AFFIRMED and REMANDED.

1

. The state defendants indicated to the trial court that they preferred an order under Rule 70 to one under Rule 69. The plaintiffs stated that they were indifferent between these choices.

2

. It did not, but followed our decision in Brown v. Culpepper, 559 F.2d 274 (5th Cir. 1977), which held that prevailing plaintiffs in civil rights actions should ordinarily recover an attorney’s fee unless special circumstances would render such an award unjust. Id. at 277; see Christianburg Garment Co. v. E.E.O.C., 434 U.S. 412, 417, 98 S.Ct. 694, 698, 54 L.Ed.2d 648 (1978).

3

. La.Const. art. XII, § 10(c) provides:

[*806] The legislature shall provide a procedure for suits against the state, a state agency, or a political subdivision.
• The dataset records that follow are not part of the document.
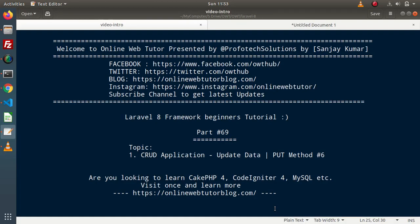Hello guys! Welcome to Online Web Tutor. I am Sanjay. We are learning Laravel 8 framework tutorial, this is part 69. Inside this video, we will continue our CRUD application and discuss all about updating data. We will also see the concept of method spoofing.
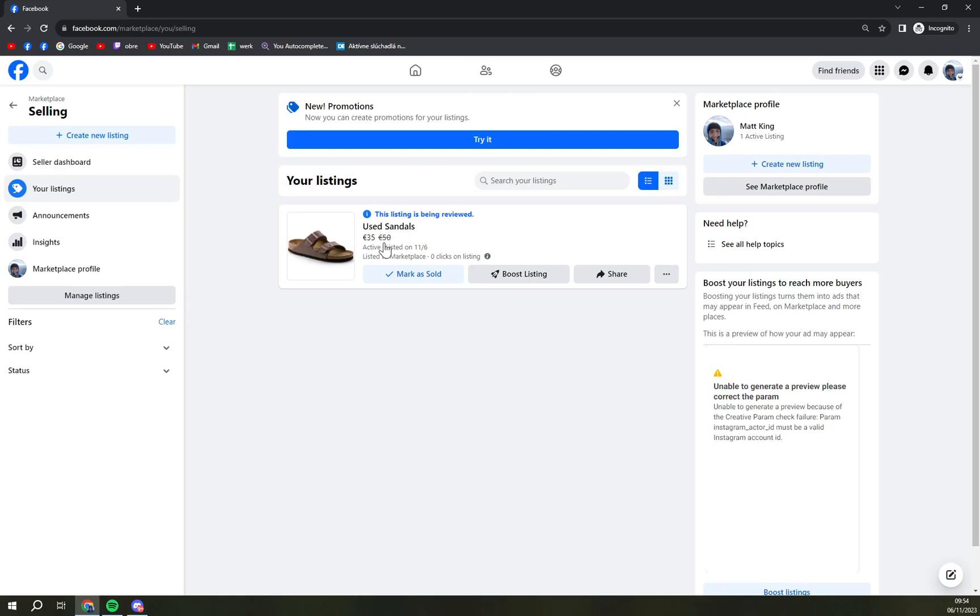So that's something that I would rather delete the listing and create a completely new one with a new price, so you don't get that message out that you are selling it cheaper than you intentionally want it to.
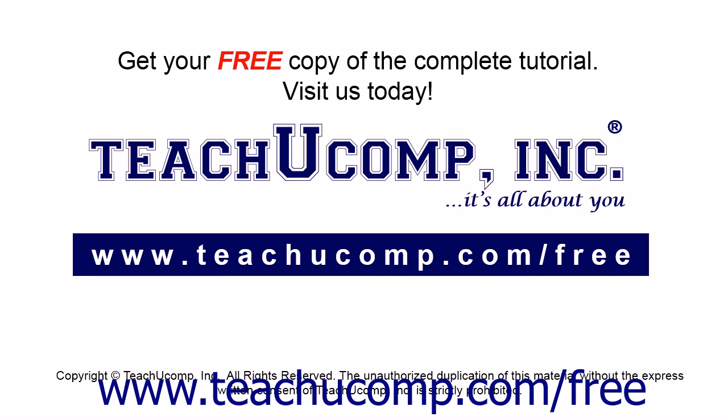Get your free copy of the complete tutorial at www.teachucomp.com forward slash free.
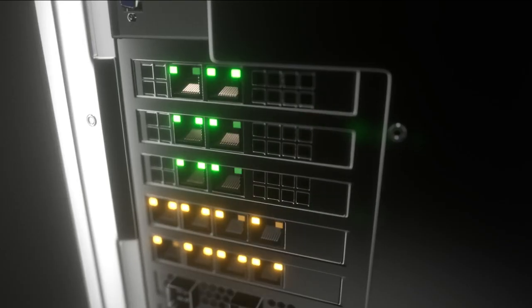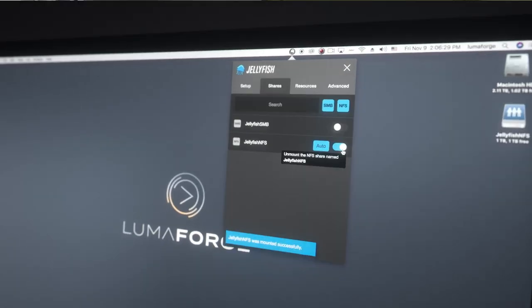In order to do so, you just need two things: the Jellyfish to be connected to the internet and your workstation to be connected to the internet.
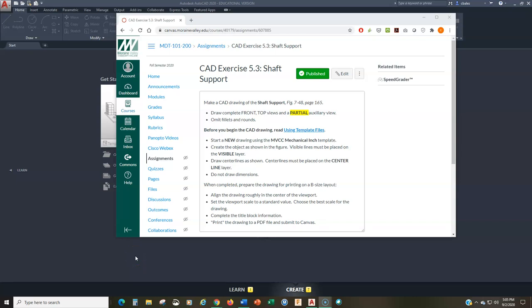We're going to jump right into our second video in a series of videos for auxiliary views. This one is going to be CAD exercise 5.3, the shaft support. I want to clarify that I am skipping the angle bracket for an AutoCAD demo. The previous video from the sketching assignment was good preparation for that, so I'll leave the angle bracket for you to work out. I'll also be doing a third and final video covering the connecting bar.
It shall provide for the effect of a judgment, but no public property or public funds shall be subject to seizure. No judgment against the state, a state agency, or a political subdivision shall be exigible, payable, or paid except from funds appropriated therefor by the legislature or by the political subdivision against which judgment is rendered.
4

. At oral argument, appellants suggested that appellees might seek a contempt citation against the Louisiana legislature for failing to appropriate funds to satisfy the judgment. However, the Louisiana legislature is not a party to this action. Moreover, the chaos in the state appropriations process appellants predict if the court’s order is affirmed would be dwarfed by the disruption that would be caused by a contempt citation against the state legislature, if such a sanction is possible.

5

. Rule 69(a) states in relevant part:

Process to enforce a judgment for the payment of money shall be a writ of execution, unless the court directs otherwise. The procedure on execution, in proceedings supplementary to and in aid of a judgment, and in proceedings on and in aid of execution shall be in accordance with the practice and procedure of the state in which the district court is held, existing at the time the remedy is sought,- except that any statute of the United States governs to the extent that it is applicable.
6

. Rule 70 states in relevant part:

If a judgment directs a party to execute a conveyance of land or to deliver deeds or other documents or to perform any other specific act and the party fails to comply within the time specified, the court may direct the act to be done at the cost of the disobedient party by some other person appointed by the court and the act when so done has like effect as if done by the party. The court may also in proper cases adjudge the party in contempt.
7

. Miss.Code Ann. § 11-45-5 (1972) provides:

A judgment or decree against the state shall not be satisfied except by an appropriation therefore by the legislature, and an execution shall not be issued against the state.
8

. Appellees suggest that Gates can be distinguished because the Mississippi statute, unlike the Louisiana constitutional provision, see n. 3 supra, does not expressly prohibit seizure of public funds. We see no relevance to this distinction, since the provisions in each state provide that a judgment against the state shall only be satisfied by an appropriation for that purpose by the state legislature. Also, the Mississippi statute prohibits the issuance of executions against the state. Therefore, Mississippi state property is not subject to seizure by writ of execution.

A second difference is that the Louisiana prohibition is contained in the state constitution, whereas the Mississippi prohibition is contained in a statute. Under the Supremacy Clause of the United States Constitution, U.S. Const, art. VI, cl. 2, state constitutional provisions, as well as state statutes, must comport with federal law. Therefore, this distinction, too, is irrelevant to the rationale of Gates. See Gates, supra, 616 F.2d at 1272.